Introduction to Large Language Models
Large Language Models can be used for various tasks, including regression tasks. In this article, we will explore how these models can be used to predict the points of a dwelling based on its description.
Background
In the Netherlands, there are rules that determine the maximum rent allowed for a dwelling based on its properties and quality. These rules are complex and can be found on the Huurcommissie’s website. To simplify the process, an open-source Python package called woningwaardering was built to calculate the amount of points a house is worth based on these rules.
What is Woningwaardering?
Woningwaardering is a point system in which a dwelling is awarded points based on its properties and qualities. The maximum rent for a dwelling is directly related to the amount of points it is awarded.
Inspiration from Previous Work
Ed Donner fine-tuned a Llama-3.1–8B model to predict Amazon product prices based on their descriptions.
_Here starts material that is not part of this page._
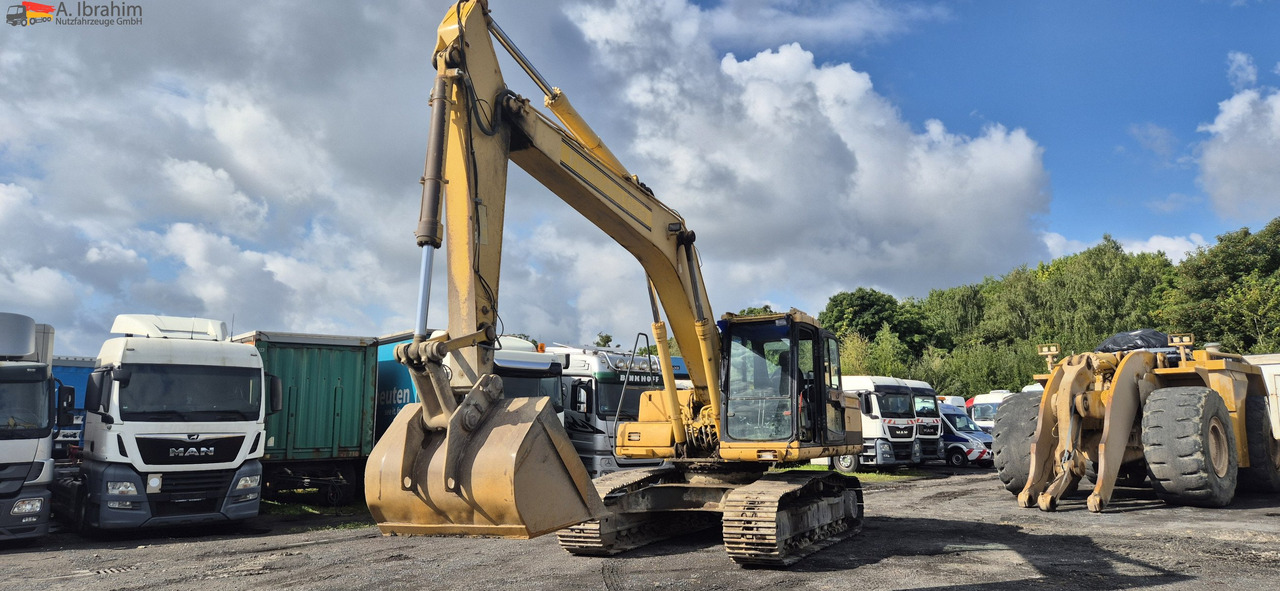 Komatsu PC 210 Zustand gut, UVV 12 25 - Excavadora de cadenas: foto 1 Komatsu PC 210 Zustand gut, UVV 12 25 - Excavadora de cadenas: foto 1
This inspired the author to try to predict the points of a dwelling based on its description, instead of using the woningwaardering package.
Data Collection
At the social housing organisation Woonstad Rotterdam, there is a large dataset of information about 60,000 dwellings. Data quality checks were implemented to determine which dwellings have near-perfect quality data using the open-sourced pyspark-testframework package. Of the approximately 50,000 self-contained dwellings, around 25,000 have a near-perfect data quality.
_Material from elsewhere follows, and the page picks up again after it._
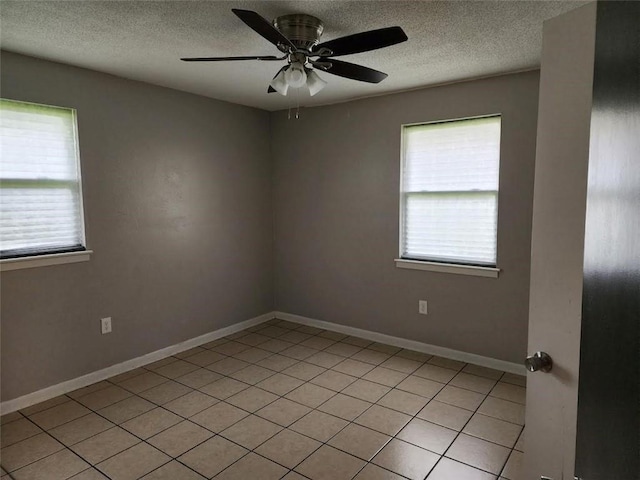 unfurnished room with light tile patterned floors, a textured ceiling, plenty of natural light, and ceiling fan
Limitations of the Dataset
Even though the data quality of these 25,000 houses is very good, there are still limitations to the dataset. For example, there are some missing data points that could affect the accuracy of the predictions.
Conclusion
Large Language Models can be used for regression tasks, such as predicting the points of a dwelling based on its description. While there are limitations to the dataset, the use of these models can simplify the process of determining the maximum rent allowed for a dwelling. Further research and development are needed to improve the accuracy of these predictions.
FAQs
- What is woningwaardering?
Woningwaardering is a point system in which a dwelling is awarded points based on its properties and qualities. - What is the purpose of the woningwaardering package?
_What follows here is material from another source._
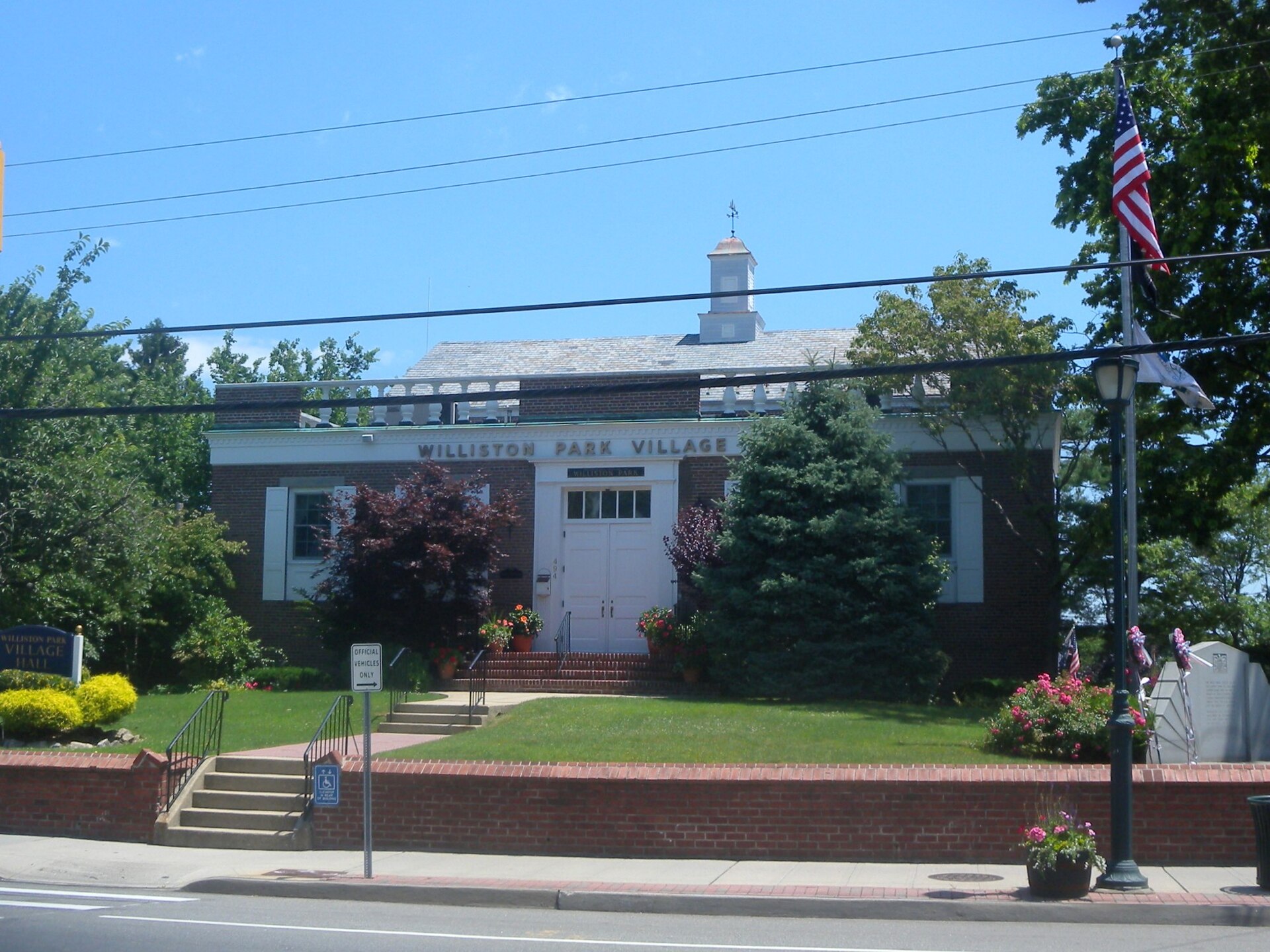 Looking east across Willis Avenue at Village Hall, on a sunny midday. — Williston Park, New York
The woningwaardering package is used to calculate the amount of points a house is worth based on the rules that determine the maximum rent allowed for a dwelling. - How can Large Language Models be used for regression tasks?
Large Language Models can be used to predict the points of a dwelling based on its description, instead of using the woningwaardering package. - What are the limitations of the dataset used in this study?
The dataset has some missing data points that could affect the accuracy of the predictions.